• **YOUR GOAL**
Set down every line from the one with "ФерГУ На кафедре" to the end of the entries, both ends included, exactly as it reads and without pictures.

....................

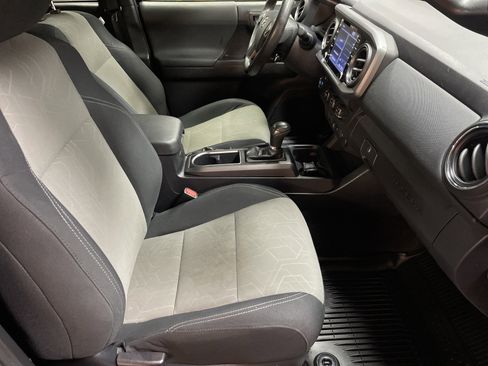 Used 2020 Toyota Tacoma TRD Off-Road image 35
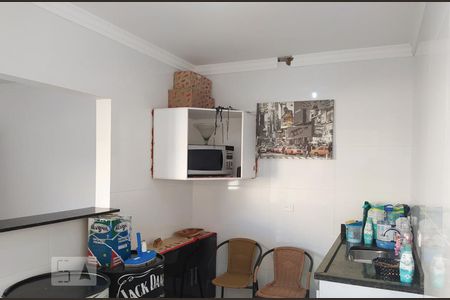 Casa à venda com 400m², 3 quartos e 8 vagas Casa à venda com 400m², 3 quartos e 8 vagasÁrea de Serviço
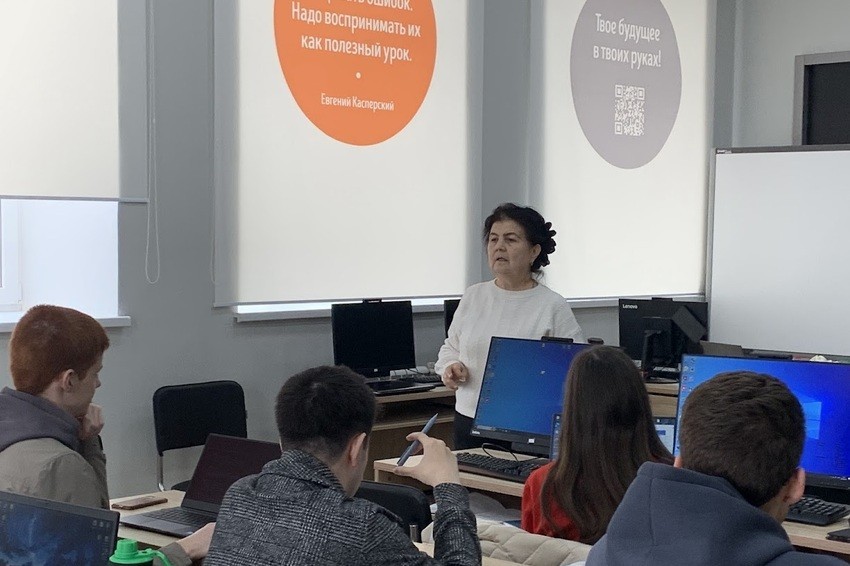 На кафедре математики и прикладной информатики Елабужского института продолжается сотрудничество с ФерГУ На кафедре математики и прикладной информатики Елабужского института продолжается сотрудничество с ФерГУ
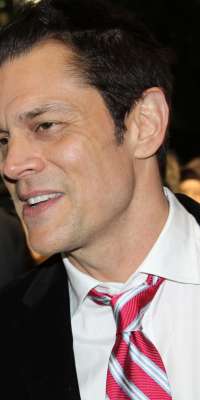 Johnny Knoxville, Stunt performer, comedian, actor, screenwriter, and producer, alive at age 44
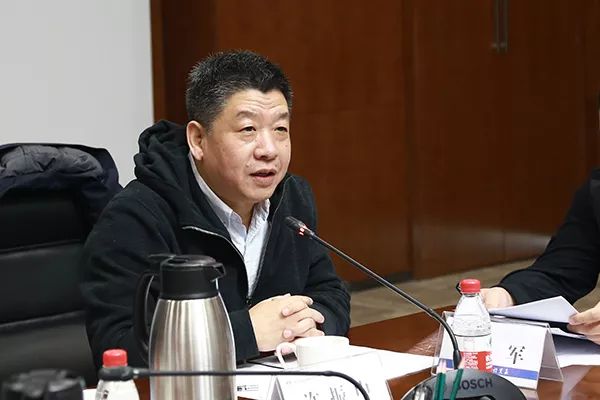 图:许振中提出研发建议 摄影:杨瑾首都机场集团质量安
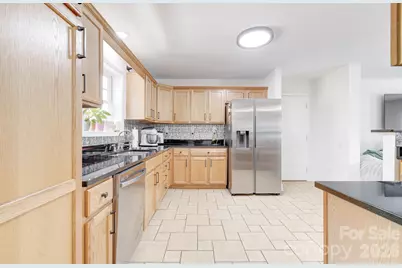 122 Loggers Run, Hendersonville, NC 28739 - Photo 18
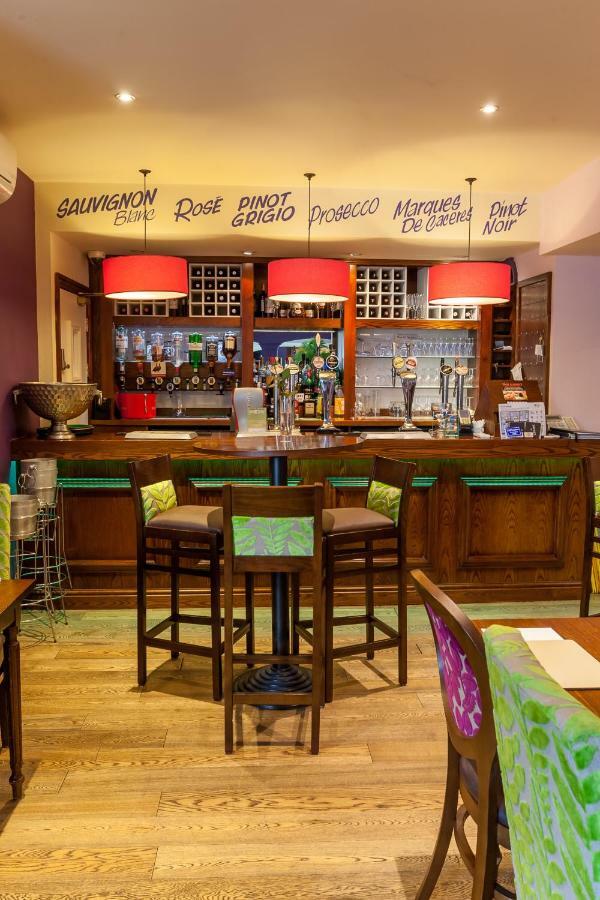 The Masons Arms Hotel Bridgend  Esterno foto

....................

• **RESULT FOR THIS TASK**
 На кафедре математики и прикладной информатики Елабужского института продолжается сотрудничество с ФерГУ На кафедре математики и прикладной информатики Елабужского института продолжается сотрудничество с ФерГУ
 Johnny Knoxville, Stunt performer, comedian, actor, screenwriter, and producer, alive at age 44
 图:许振中提出研发建议 摄影:杨瑾首都机场集团质量安
 122 Loggers Run, Hendersonville, NC 28739 - Photo 18
 The Masons Arms Hotel Bridgend  Esterno foto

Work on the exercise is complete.